Records shown START
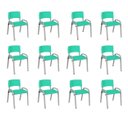 Ver imagem 2 de Kit 12 Cadeira Iso Infantil Creche, Escola Base Cinza Verde Água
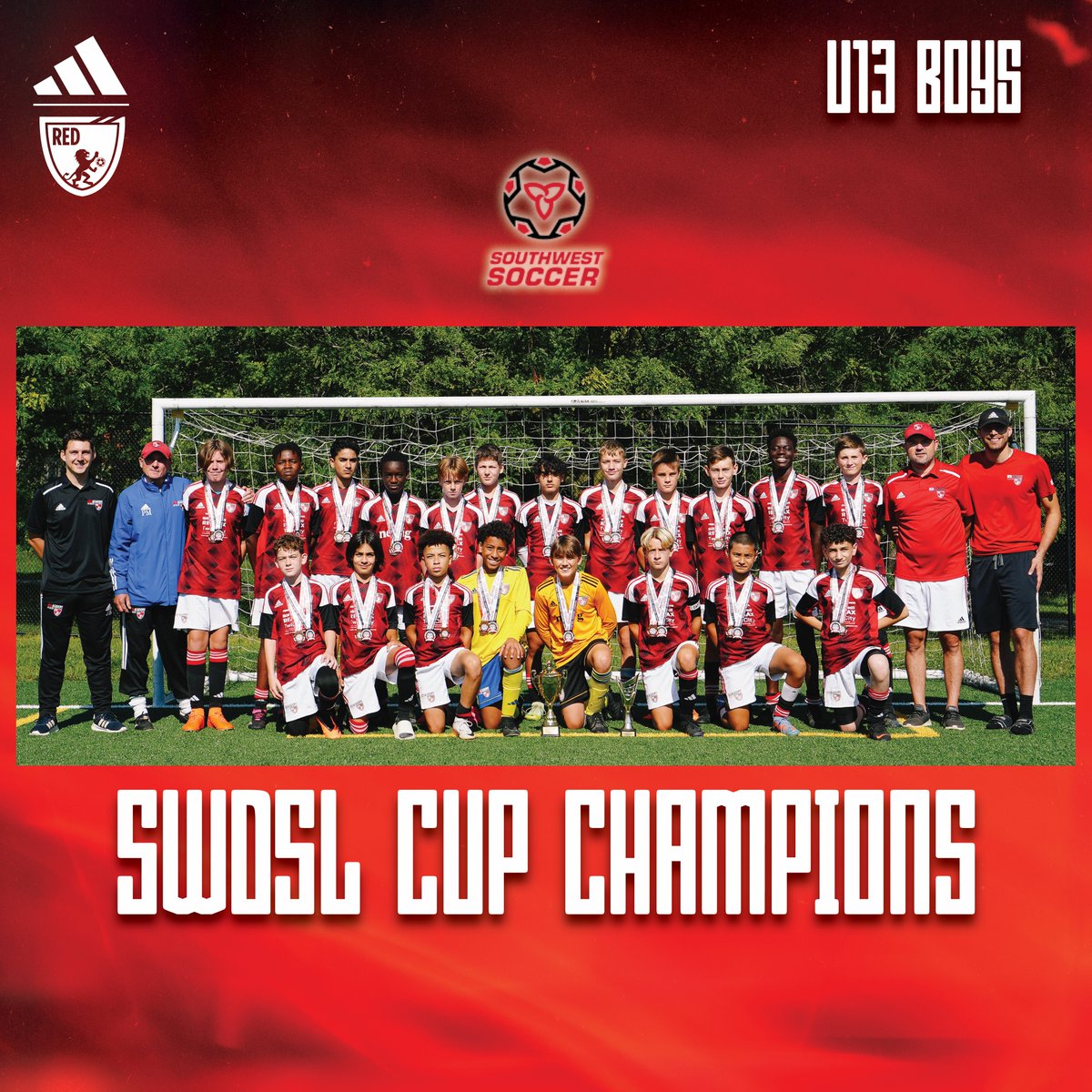 REDacadofsoccer's tweet photo. CHAMPIONS! 🏆 

Congratulations to our U13 Boys, SWDSL Cup Champions! 

The boys have won the league and cup double as they move up to L3 next summer. Congratulations, lads! 

#redacademyofsoccer https://t.co/qqhjh1kDd4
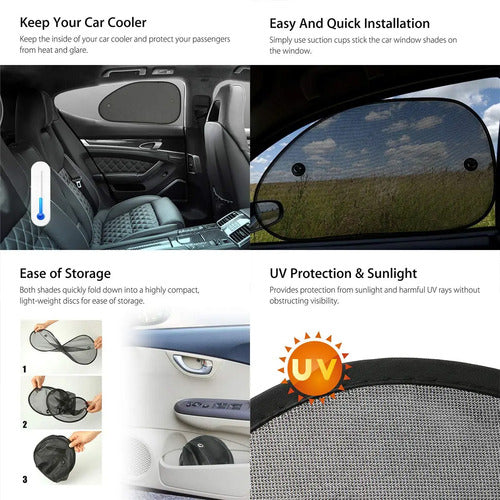 Parasol De Auto Universal De Alta Protección Uv, Pack De 2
Records shown END
Task goal
Print every record above exactly as written, leaving out the pictures.

Solution below
 Ver imagem 2 de Kit 12 Cadeira Iso Infantil Creche, Escola Base Cinza Verde Água
 REDacadofsoccer's tweet photo. CHAMPIONS! 🏆 

Congratulations to our U13 Boys, SWDSL Cup Champions! 

The boys have won the league and cup double as they move up to L3 next summer. Congratulations, lads! 

#redacademyofsoccer https://t.co/qqhjh1kDd4
 Parasol De Auto Universal De Alta Protección Uv, Pack De 2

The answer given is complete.